Meet the Christmas Angels
While most of us are tucking into our turkey and unwrapping our presents on Christmas Day, thousands of people up and down the country will be working hard to keep us all safe.
And it’s not just the nurses that are angels... doctors, physios, porters, domestics and cooks will also be on duty in Greater Glasgow and Clyde looking after our patients.
You can call them Christmas angels or just true professionals – meet just a few of the NHS heroes who will be working hard in on the big day.
The District Nurse
Barbara O’Brien will be working on a day shift in the community in Partick.
“For a district nurse Christmas Day is similar to many other days, although a little quieter. It’s quite a nice feeling and the roads are lovely and quiet!
“As a nurse I could be visiting diabetic patients, dressing wounds, administering drugs or providing end of life care.
“Patients’ families tend to take on the role of the nurse whilst visiting their loved one over the festive period. However, sadly for some patients our visit is the only contact that day with a familiar friendly face.
“Some families live a distance away or for some patients they have simply outlived all family members, so loneliness can be palpable with these patients.
“This means we try to bring a little smile along with some company, “cheery banter” and usually the sharing of a traditional mince pie whilst visiting.
“Those patients are always really glad to see you.
“After work it will be a quick change - in a phone box like Supernurse - and off to my sister’s for Christmas dinner, which will be all made and waiting for me. I’ll be driving - and drinking Schloer - as I am also working on Boxing Day.
“Our goal is to share some good will and Christmas spirit with our most dependant patients ensuring a Merry Christmas for all.”

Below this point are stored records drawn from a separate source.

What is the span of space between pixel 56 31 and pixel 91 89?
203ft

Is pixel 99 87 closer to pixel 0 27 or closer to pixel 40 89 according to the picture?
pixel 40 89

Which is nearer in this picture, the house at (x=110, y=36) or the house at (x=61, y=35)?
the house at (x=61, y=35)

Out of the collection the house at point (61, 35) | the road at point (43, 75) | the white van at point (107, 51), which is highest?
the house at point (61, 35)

Professor Kevin Rooney will be working in the Intensive Care Unit in the Royal Alexandra Hospital in Paisley.
“I will be on call for 24 hours over Christmas, from 8.00 am on Christmas Day until 8.00 am on Boxing Day. What this usually means is that I will be in for a ward round in the unit in the morning and this includes the review of up to seven complex critically ill patients. When - or if - I go home at some point completely depends on the complexity of the patients’ illnesses.

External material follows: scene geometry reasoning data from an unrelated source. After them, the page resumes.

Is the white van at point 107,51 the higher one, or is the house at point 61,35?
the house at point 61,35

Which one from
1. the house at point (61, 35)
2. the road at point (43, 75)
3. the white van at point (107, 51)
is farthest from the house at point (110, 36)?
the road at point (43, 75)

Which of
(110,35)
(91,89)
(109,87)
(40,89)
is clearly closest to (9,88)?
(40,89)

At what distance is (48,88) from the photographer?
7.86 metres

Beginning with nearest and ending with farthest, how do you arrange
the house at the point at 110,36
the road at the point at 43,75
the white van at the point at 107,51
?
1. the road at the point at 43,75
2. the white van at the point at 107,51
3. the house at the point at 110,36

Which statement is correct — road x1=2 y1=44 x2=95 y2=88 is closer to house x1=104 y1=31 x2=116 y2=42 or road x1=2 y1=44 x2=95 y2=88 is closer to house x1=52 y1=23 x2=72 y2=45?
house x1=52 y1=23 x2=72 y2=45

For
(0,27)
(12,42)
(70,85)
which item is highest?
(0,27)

“The great thing is that patients get the same service whenever they come in to us, whether it’s a normal Sunday or Christmas Day.
“There’s always a nice atmosphere in the hospital and staff have a real can-do attitude. Nobody moans and we all just get on with it, after all it’s so much worse for the patients we care for and their families who are worried.
“A patient once told me that the best bit about his care was on Christmas Day, being bathed by a nurse who told him all about her family and children opening their presents that morning.
“Some might think that unprofessional but it was the highlight of his day as he just wanted to hear about normal life at a point where he was feeling very low.
“Thankfully I have a very understanding wife and two boys – as they won’t know whether or not to expect me home. My parents are coming round for dinner and mine will be in the oven waiting for me to get back – whenever that might be!”
Jill Martin will be working at the Queen Elizabeth University Hospital from 7.30 am till 7.45 pm.
“This will be my first Christmas working as a midwife in Glasgow, but I’ve worked on Christmas Day in London, Wishaw and Australia before, so know what to expect!
“In saying that, when I worked in Australia whilst backpacking, I spent the day having a barbecue on the beach before going to work!
“The ward I work in is a great ward and lots of my friends are working too so it should be great fun. We’ll bring in some goodies and the consultants often drop off food too, so we will try to sit down together, if work commitments allow.
“I will be working on the antenatal ward, usually with ladies quite far into their pregnancies. Many will be sent home for Christmas if it’s safe to do so, but some who we need to keep an eye on will stay in.
“There will also be ladies in the early stages of labour who need our help. There are bound to be lots of visitors too, so the ward will be busy.
“After I finish my shift I will celebrate Christmas with my boyfriend’s family – they promise to keep me a plate of food and I can relax with a wee drink too as I’m not working Boxing Day. I am really looking forward to chilling out after a busy day.”